--- Material supplied Enclosed Below ---

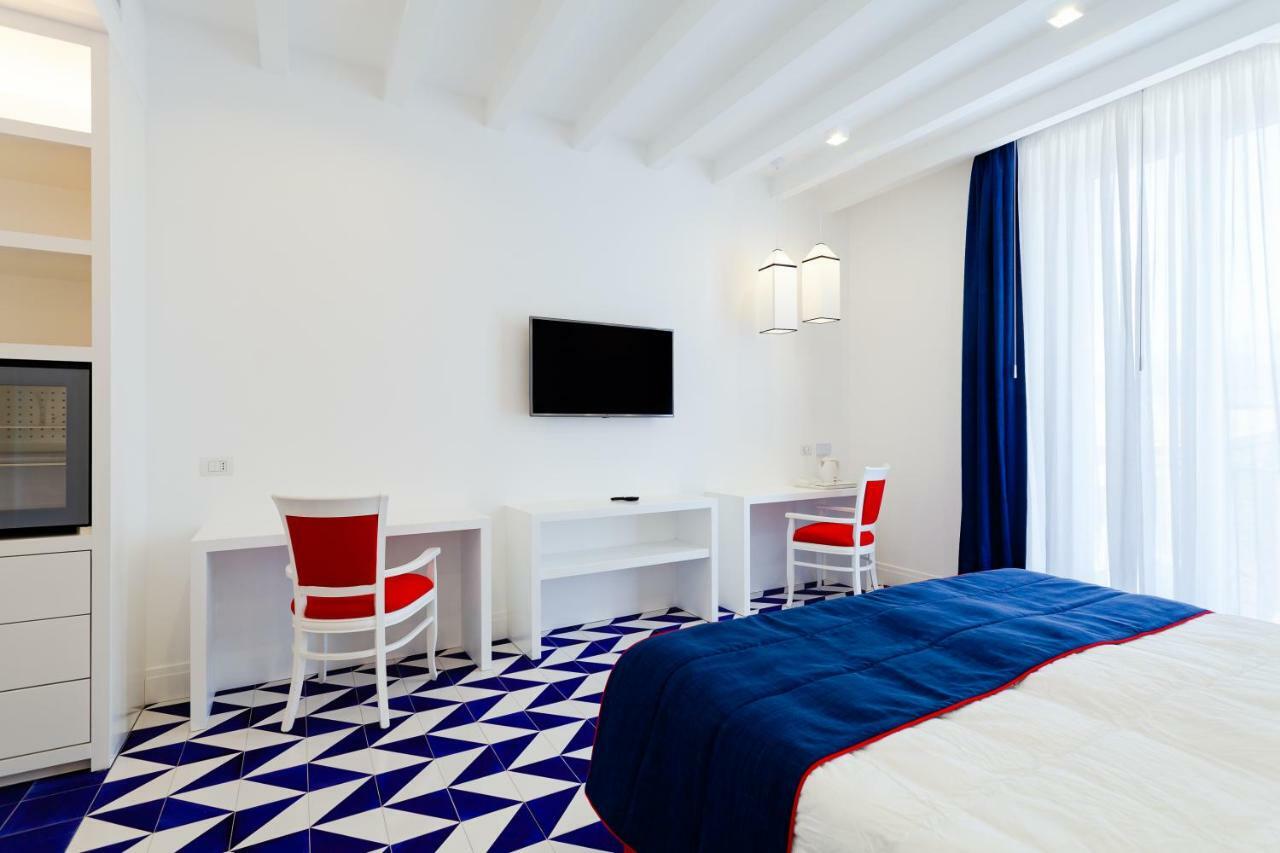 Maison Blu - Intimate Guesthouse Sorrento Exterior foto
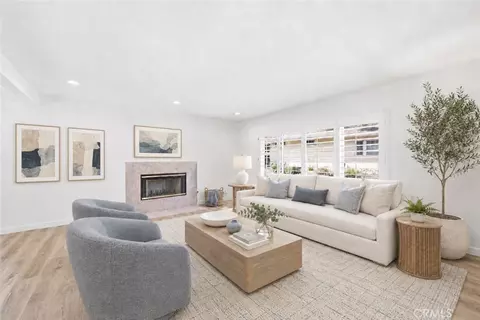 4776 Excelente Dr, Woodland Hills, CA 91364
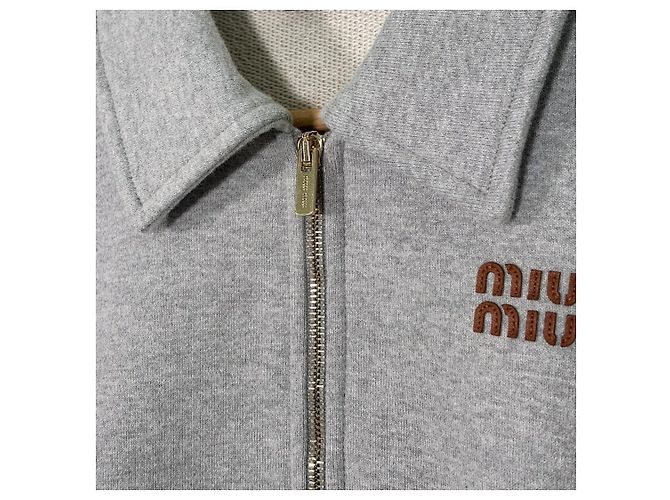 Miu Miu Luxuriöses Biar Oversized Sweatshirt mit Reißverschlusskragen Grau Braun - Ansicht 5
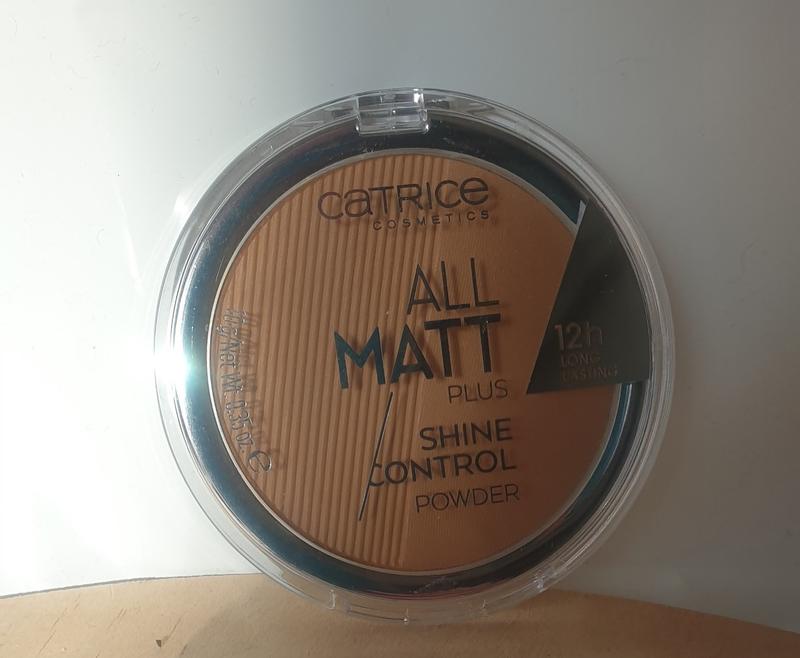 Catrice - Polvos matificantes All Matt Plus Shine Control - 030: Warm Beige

--- End of Enclosed Material supplied ---
--- Material supplied Enclosed Below ---

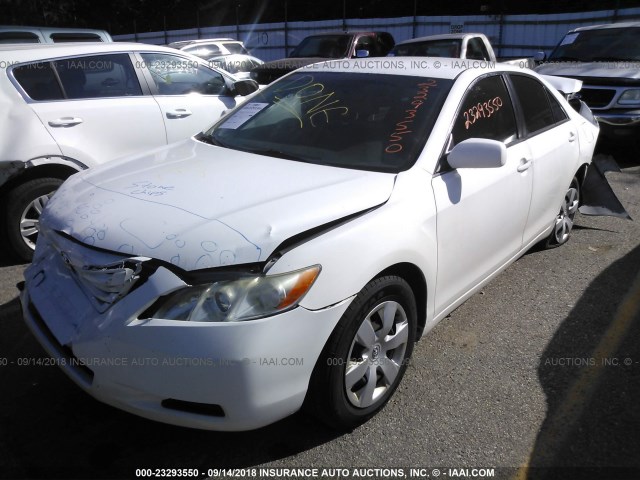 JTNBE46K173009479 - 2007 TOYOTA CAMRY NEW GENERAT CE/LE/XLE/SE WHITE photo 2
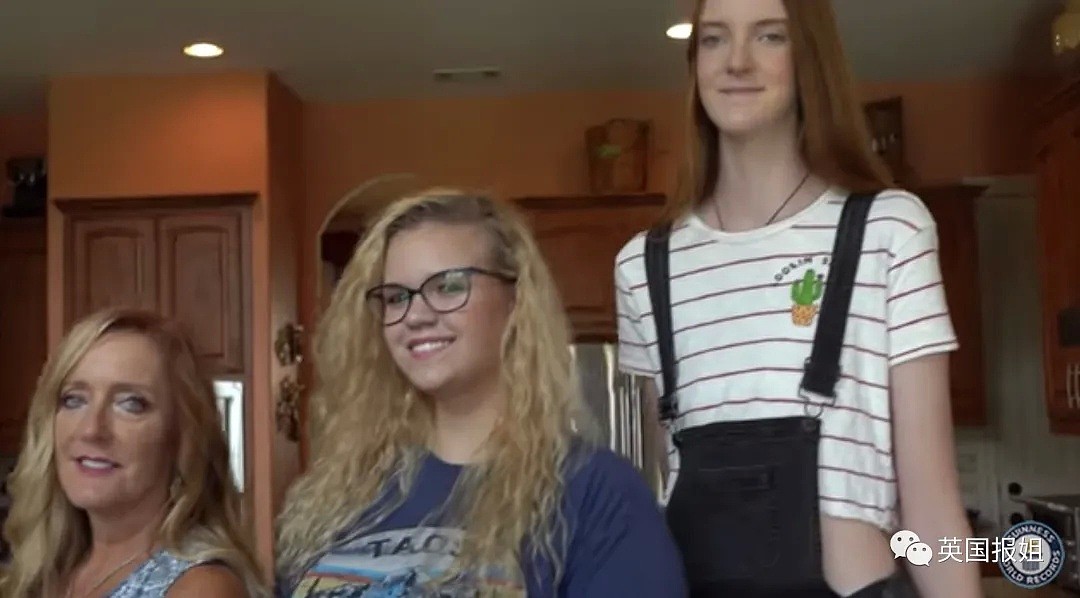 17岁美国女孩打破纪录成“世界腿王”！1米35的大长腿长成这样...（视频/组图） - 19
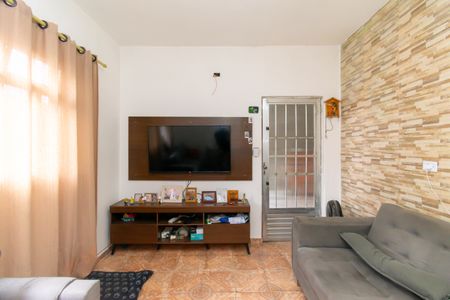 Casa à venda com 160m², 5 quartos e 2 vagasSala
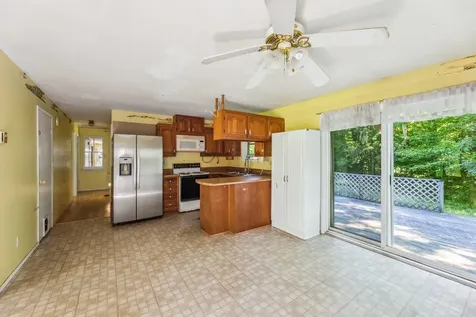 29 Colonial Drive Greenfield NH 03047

--- End of Enclosed Material supplied ---
--- Material supplied Enclosed Below ---

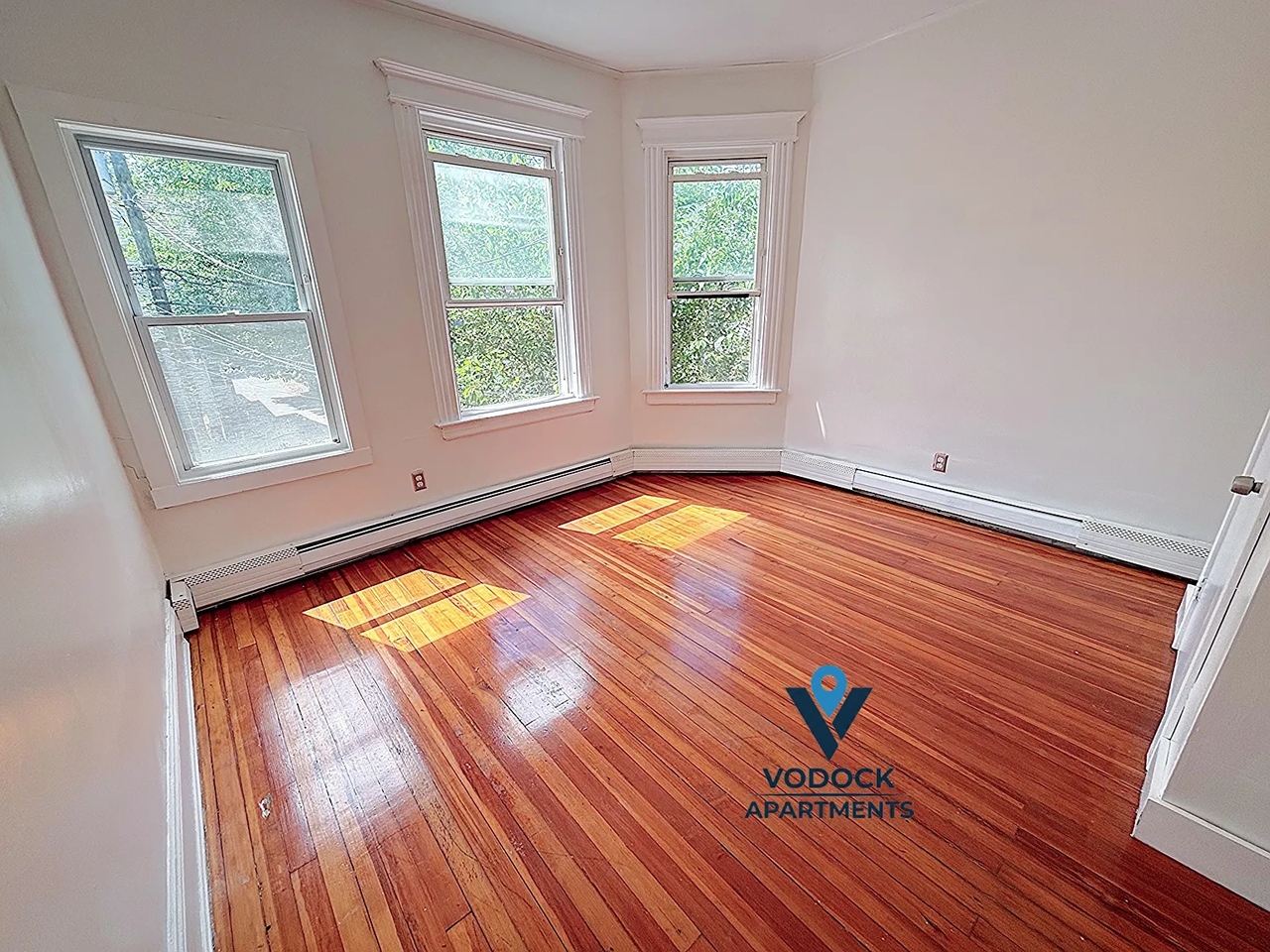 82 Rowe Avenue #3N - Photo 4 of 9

--- End of Enclosed Material supplied ---

▶ **Exercise objective**:
Line for line, output the entries above from the line with "Maison Blu - Intimate" to the line with "Catrice - Polvos", both included, and nothing more. Skip pictures.

▶ **Written solution**:
 Maison Blu - Intimate Guesthouse Sorrento Exterior foto
 4776 Excelente Dr, Woodland Hills, CA 91364
 Miu Miu Luxuriöses Biar Oversized Sweatshirt mit Reißverschlusskragen Grau Braun - Ansicht 5
 Catrice - Polvos matificantes All Matt Plus Shine Control - 030: Warm Beige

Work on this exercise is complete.